Guardian Mısır, Türkiye ve Filistin olmak üzere üç ayrı cephede birden krizle karşı karşıya olan İsrail'in kuşatılmışlık hissinin artmasında Filistinlilerin Birleşmiş Milletler'de devletlerinin tanınmasını sağlama hazırlığının da büyük payı olduğunu belirtiyor ve Birleşmiş Milletler üyelerinin çoğunun bu girişimi desteklediğini aktarıyor.
Filistin'in tanınma talebi ve Avrupa
Gazete, Almanya, Fransa ve İngiltere'de yapılan bir ankete dayanarak, bu ülke vatandaşlarının çoğunun Filistin devletinin tanınmasını istediklerini belirtiyor.
Haberde şöyle deniyor:
"Filistinlilerin, tanınma talebini Genel Kurul'a getirmeleri halinde istedikleri sonucu alacakları anlaşılıyor. Ancak Birleşmiş Milletler'e tam üyelik Güvenlik Konseyi'nin onayını gerektiriyor ve Amerika Birleşik Devletleri geçen hafta bunu veto edeceğini doğruladı. "
"Bu durumda Filistinliler "gözlemci devlet" statüsü isteyebilirler. Bu tam üyeliğin gerisinde ama "gözlemci entite"nin ilerisinde bir statü.
"Veto kartını kullanarak Arapları öfkelendirmekten çekinen Amerika, tarafları müzakere masasına döndürme çabası içinde. Bunu Avrupa Birliği de destekliyor. Avrupa Birliği dışişleri bakanları bugün Brüksel'de bir araya gelerek Filistin devleti konusunda ortak tutum belirlemeye çalışacak."
"İngiltere ve Fransa, 1967 öncesindeki sınırları temel alan müzakereleri tercih edeceklerini söylüyor ama bunun sağlanamaması durumunda Filistinlilerin statüsünün yükseltilmesine destek verebileceklerini ima ediyor. Almanya'nın Filistin planına karşı olduğu düşünülüyor ama Merkel, tercihlerini şimdilik açıklamayacaklarını söylüyor."
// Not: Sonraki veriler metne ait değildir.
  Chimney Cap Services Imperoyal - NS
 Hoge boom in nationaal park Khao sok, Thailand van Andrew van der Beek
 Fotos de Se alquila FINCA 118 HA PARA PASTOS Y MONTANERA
‘ABD'den Taliban temsilciliğine izin'
Times manşetindeki özel haberinde, 11 Eylül saldırılarının ve Afganistan'ın işgalinden 10 yıl sonra Amerika Birleşik Devletleri'nin Taliban'ın bu yılın sonuna kadar Katar'da temsilcilik açmasına onay verdiğini yazıyor.
Times, bu adımın Batı'nın Taliban'la masaya oturmasına zemin hazırlayacağını belirtiyor.
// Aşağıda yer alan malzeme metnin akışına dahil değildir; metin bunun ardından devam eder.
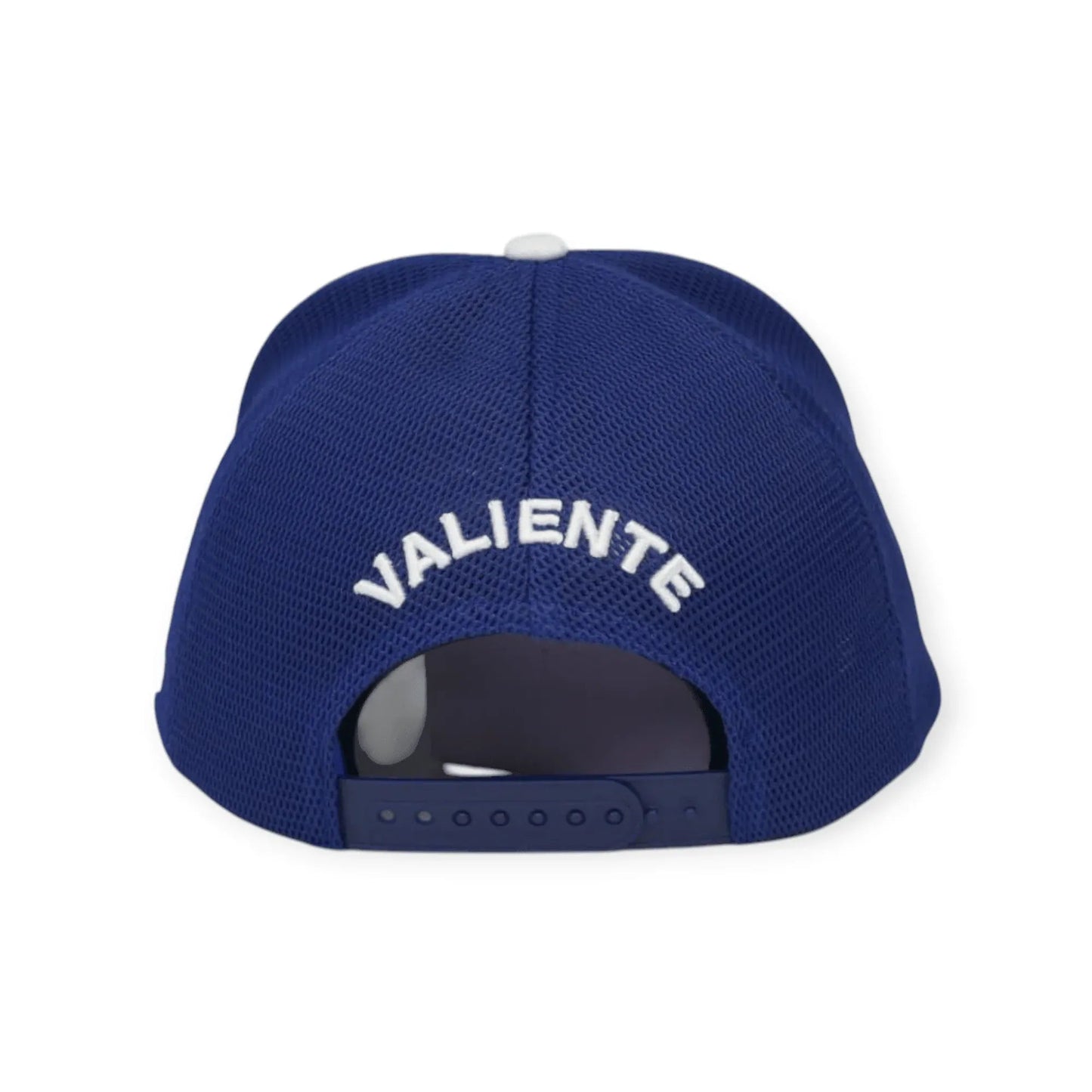 
                  
                    DC Premium Rubber Logo Trucker - valientecaps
Habere göre, ABD'nin Pakistan'ın nüfuz alanı dışında bir yerde olmasında ısrar etmesi üzerine, Katar Taliban temsilciliğine izin vermeyi kabul etti.
Batılı bir diplomata göre, Katar'daki büro bir büyükelçilik ya da konsolosluk statüsünde olmayacak ama Taliban burada siyasi parti muamelesi görecek.